- WORK INSTRUCTIONS: Keyword search on "Calle": report each line of the records that contains it.

- DATA IN THIS EXERCISE:
******
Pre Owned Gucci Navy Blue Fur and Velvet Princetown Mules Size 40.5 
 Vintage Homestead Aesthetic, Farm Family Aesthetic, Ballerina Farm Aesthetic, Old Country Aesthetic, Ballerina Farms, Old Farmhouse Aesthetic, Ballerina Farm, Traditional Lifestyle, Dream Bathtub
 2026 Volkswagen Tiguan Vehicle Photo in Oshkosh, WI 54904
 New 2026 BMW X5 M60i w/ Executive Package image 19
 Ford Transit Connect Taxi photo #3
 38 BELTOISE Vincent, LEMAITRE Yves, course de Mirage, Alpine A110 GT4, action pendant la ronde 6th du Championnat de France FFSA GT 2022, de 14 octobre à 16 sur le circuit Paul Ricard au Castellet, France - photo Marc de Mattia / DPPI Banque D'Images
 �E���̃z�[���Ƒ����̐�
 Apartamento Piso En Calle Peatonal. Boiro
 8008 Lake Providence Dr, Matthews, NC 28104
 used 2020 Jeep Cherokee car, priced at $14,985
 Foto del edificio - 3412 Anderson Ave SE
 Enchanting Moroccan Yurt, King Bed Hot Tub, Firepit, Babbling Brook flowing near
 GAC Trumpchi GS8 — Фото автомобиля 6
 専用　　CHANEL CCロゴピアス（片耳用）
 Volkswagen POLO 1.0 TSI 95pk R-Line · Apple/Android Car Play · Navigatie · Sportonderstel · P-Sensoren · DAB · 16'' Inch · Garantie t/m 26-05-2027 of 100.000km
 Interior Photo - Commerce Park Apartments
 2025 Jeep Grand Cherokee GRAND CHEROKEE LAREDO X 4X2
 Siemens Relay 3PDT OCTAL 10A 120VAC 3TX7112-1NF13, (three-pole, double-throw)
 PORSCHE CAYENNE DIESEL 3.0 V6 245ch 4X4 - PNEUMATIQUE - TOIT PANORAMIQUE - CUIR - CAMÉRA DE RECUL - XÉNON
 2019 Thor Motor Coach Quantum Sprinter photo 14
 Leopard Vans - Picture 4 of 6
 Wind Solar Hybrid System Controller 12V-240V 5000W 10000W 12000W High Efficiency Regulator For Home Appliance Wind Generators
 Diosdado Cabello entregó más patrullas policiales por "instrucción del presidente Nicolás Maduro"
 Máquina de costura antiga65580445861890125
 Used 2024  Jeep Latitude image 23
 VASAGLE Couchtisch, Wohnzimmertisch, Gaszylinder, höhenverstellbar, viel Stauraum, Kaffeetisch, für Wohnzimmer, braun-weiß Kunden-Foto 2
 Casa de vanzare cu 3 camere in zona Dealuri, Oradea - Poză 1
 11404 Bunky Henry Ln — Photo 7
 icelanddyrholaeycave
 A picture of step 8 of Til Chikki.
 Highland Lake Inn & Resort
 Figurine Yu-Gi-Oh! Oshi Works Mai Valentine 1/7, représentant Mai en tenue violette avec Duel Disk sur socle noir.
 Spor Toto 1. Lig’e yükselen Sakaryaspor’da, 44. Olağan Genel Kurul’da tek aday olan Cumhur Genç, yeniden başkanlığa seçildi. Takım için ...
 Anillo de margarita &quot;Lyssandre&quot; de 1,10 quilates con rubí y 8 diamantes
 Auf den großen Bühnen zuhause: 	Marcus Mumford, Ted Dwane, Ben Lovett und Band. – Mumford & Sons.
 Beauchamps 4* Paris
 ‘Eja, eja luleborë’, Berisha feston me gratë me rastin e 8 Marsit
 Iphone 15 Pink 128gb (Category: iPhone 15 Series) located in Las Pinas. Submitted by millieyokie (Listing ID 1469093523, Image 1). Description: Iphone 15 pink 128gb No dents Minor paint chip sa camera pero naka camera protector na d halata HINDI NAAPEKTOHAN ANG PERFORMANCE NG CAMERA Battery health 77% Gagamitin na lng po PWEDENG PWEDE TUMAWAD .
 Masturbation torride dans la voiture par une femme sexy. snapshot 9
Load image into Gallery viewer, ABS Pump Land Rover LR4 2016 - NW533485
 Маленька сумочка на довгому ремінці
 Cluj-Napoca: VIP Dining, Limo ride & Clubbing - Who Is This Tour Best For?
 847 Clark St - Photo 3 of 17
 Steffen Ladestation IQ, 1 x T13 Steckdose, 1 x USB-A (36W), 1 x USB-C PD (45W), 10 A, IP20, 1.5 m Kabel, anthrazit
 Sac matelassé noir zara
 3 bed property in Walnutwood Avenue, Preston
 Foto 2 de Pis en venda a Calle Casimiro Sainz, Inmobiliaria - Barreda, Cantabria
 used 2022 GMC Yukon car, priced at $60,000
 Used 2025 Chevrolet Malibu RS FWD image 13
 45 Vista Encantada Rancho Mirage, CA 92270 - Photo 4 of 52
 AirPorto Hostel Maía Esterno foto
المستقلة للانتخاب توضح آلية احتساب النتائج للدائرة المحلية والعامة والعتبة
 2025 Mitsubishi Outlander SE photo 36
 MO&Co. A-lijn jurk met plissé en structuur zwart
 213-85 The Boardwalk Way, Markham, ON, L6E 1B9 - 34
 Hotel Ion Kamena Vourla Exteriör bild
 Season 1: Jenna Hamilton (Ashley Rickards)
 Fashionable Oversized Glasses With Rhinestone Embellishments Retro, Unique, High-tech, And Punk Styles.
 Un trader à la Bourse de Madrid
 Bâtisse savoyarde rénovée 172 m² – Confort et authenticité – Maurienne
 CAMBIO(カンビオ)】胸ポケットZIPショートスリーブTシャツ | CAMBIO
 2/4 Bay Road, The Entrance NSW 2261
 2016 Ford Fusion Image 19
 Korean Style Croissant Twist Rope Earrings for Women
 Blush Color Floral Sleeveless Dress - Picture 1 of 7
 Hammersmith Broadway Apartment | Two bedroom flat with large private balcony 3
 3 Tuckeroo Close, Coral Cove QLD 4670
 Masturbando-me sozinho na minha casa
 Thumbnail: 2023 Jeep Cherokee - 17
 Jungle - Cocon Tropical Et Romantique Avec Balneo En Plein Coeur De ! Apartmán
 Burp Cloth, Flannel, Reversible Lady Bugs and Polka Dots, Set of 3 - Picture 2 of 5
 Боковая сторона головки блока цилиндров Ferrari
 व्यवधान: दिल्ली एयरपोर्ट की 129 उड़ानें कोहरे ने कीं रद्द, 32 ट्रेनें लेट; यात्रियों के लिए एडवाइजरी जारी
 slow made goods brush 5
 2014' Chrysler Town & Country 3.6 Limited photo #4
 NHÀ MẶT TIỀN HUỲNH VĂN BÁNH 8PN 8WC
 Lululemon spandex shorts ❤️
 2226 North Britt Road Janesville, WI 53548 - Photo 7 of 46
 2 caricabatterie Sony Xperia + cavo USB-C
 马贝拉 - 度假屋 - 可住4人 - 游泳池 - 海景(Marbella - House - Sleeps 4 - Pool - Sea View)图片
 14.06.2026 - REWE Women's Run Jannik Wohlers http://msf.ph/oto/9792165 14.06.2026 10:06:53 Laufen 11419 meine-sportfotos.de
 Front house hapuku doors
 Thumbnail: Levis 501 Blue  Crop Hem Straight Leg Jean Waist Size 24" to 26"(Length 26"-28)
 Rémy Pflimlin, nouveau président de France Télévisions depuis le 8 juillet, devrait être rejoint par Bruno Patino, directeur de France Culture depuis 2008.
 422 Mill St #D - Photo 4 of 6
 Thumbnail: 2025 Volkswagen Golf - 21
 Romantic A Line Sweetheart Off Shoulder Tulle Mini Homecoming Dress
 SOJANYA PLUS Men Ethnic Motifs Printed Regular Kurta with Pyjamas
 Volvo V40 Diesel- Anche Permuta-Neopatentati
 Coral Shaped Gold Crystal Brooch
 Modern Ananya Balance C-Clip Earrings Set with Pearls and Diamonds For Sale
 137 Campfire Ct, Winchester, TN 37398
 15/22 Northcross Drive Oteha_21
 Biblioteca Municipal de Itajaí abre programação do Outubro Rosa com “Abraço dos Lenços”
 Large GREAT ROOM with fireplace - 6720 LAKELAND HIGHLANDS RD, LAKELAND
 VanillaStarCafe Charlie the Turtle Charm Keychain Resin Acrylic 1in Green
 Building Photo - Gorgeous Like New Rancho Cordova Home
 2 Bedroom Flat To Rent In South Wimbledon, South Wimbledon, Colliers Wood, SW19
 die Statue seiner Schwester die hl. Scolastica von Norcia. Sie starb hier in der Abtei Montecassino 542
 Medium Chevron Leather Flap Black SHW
******
- SOLUTION TO THE PROBLEM:
 Apartamento Piso En Calle Peatonal. Boiro
 Foto 2 de Pis en venda a Calle Casimiro Sainz, Inmobiliaria - Barreda, Cantabria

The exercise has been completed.